In the data below, find the line with "Building Photo - 4533 Larkspur St" and output it along with every later line, exactly, but not the pictures.

Segment Start: Information shown

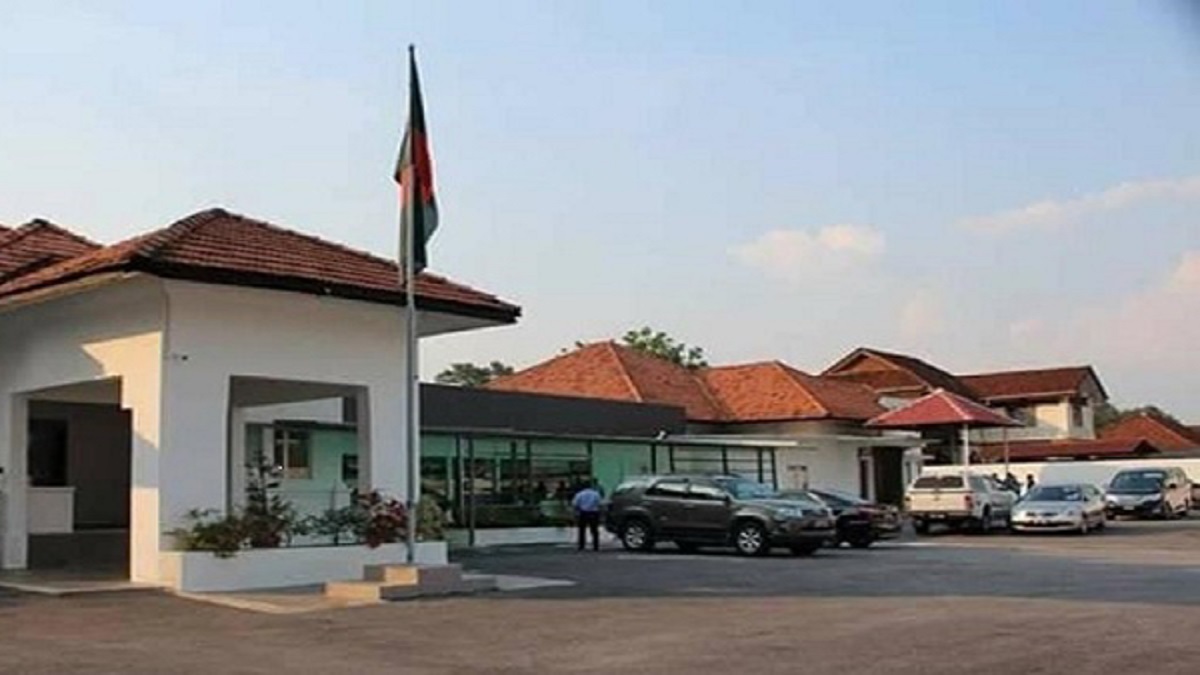 কুয়ালালামপুরে বাংলাদেশ হাইকমিশনে হটলাইন সেবা চালু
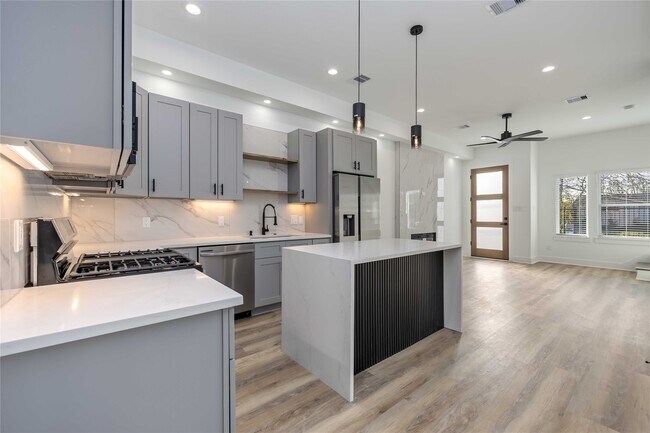 Building Photo - 4533 Larkspur St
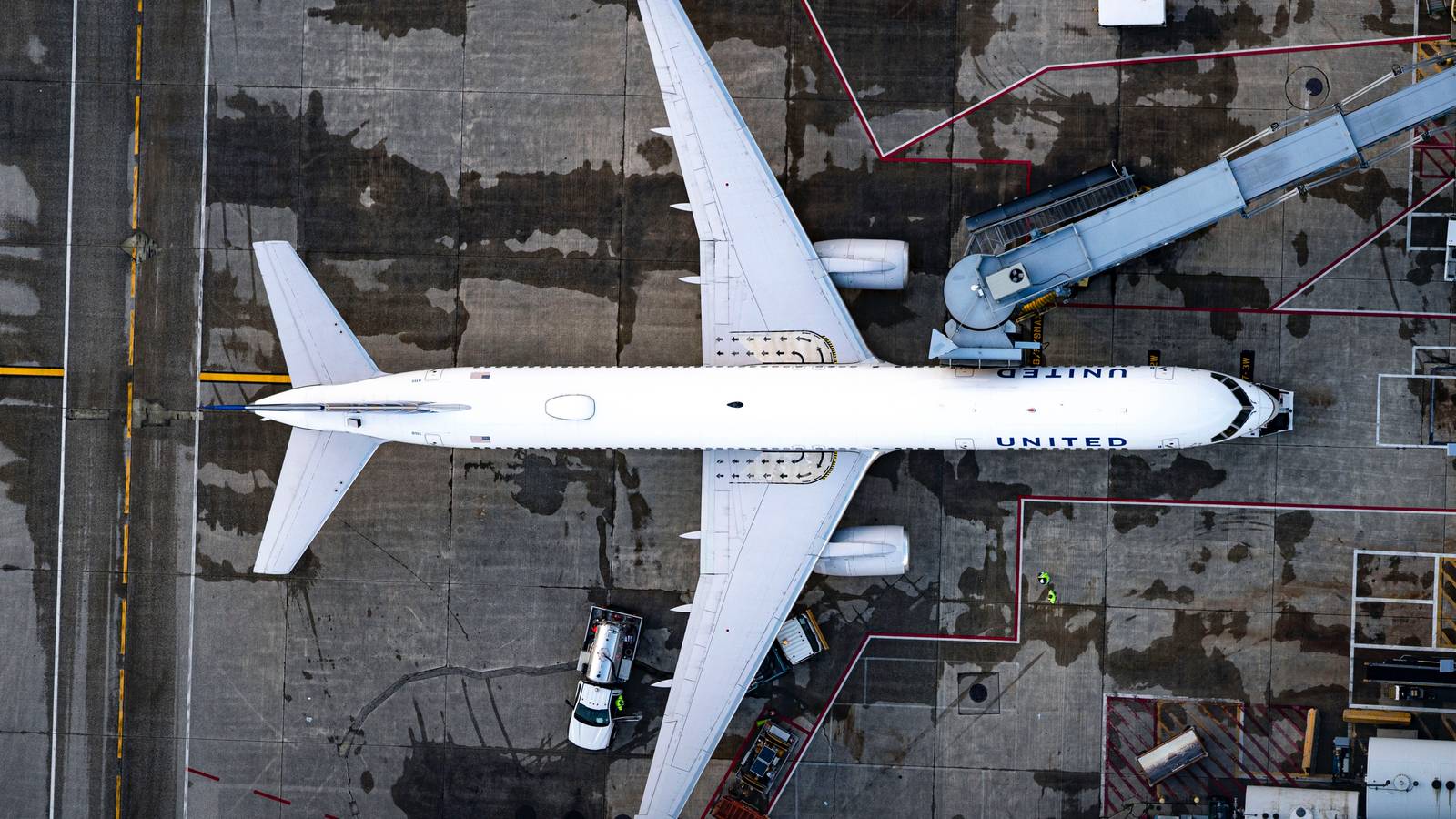 Heavier Winter Passengers Stop United Airlines Filling Its Boeing 757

Segment End: Information shown

◆ Answer for this exercise
 Building Photo - 4533 Larkspur St
 Heavier Winter Passengers Stop United Airlines Filling Its Boeing 757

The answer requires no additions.